BEGIN INPUT DATA
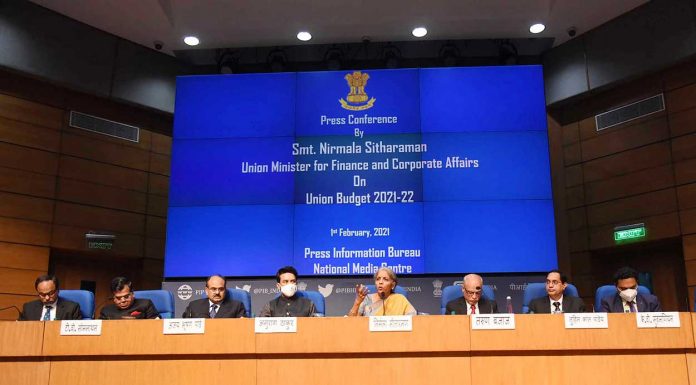 The Union Minister for Finance and Corporate Affairs, Nirmala Sitharaman addressing a Post Budget Press Conference, in New Delhi. (Photo: PIB)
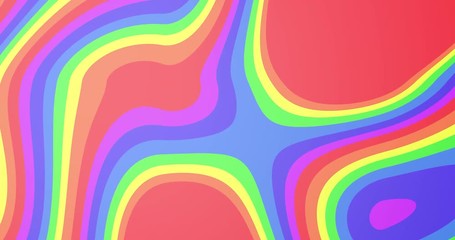 Poster - Liquid colorful loop animation. Soft rounded shapes. Rainbow colors. Flat abstract animation. Digital art. Creative concept.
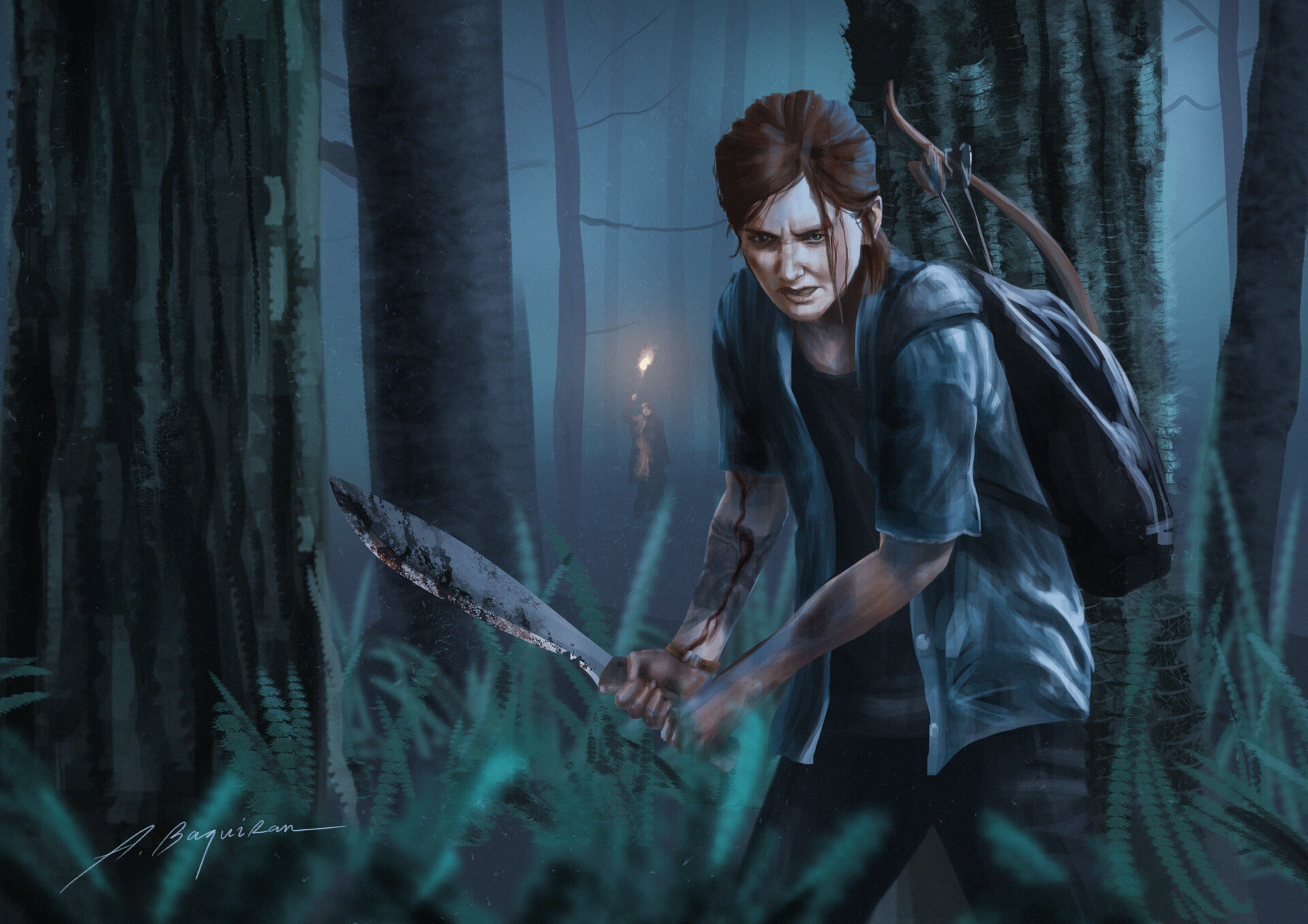 Download Ellie's Brave Struggle in The Last Of Us Wallpaper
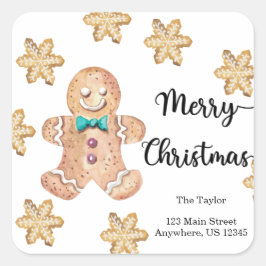 kerstkoekjes Merry kerstmis Return Adresse Vierkante Sticker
END INPUT DATA
- _GOAL OF THE EXERCISE_: Full transcription of the material, exact in every line, without images.

- _TASK SOLUTION_:
 The Union Minister for Finance and Corporate Affairs, Nirmala Sitharaman addressing a Post Budget Press Conference, in New Delhi. (Photo: PIB)
 Poster - Liquid colorful loop animation. Soft rounded shapes. Rainbow colors. Flat abstract animation. Digital art. Creative concept.
 Download Ellie's Brave Struggle in The Last Of Us Wallpaper
 kerstkoekjes Merry kerstmis Return Adresse Vierkante Sticker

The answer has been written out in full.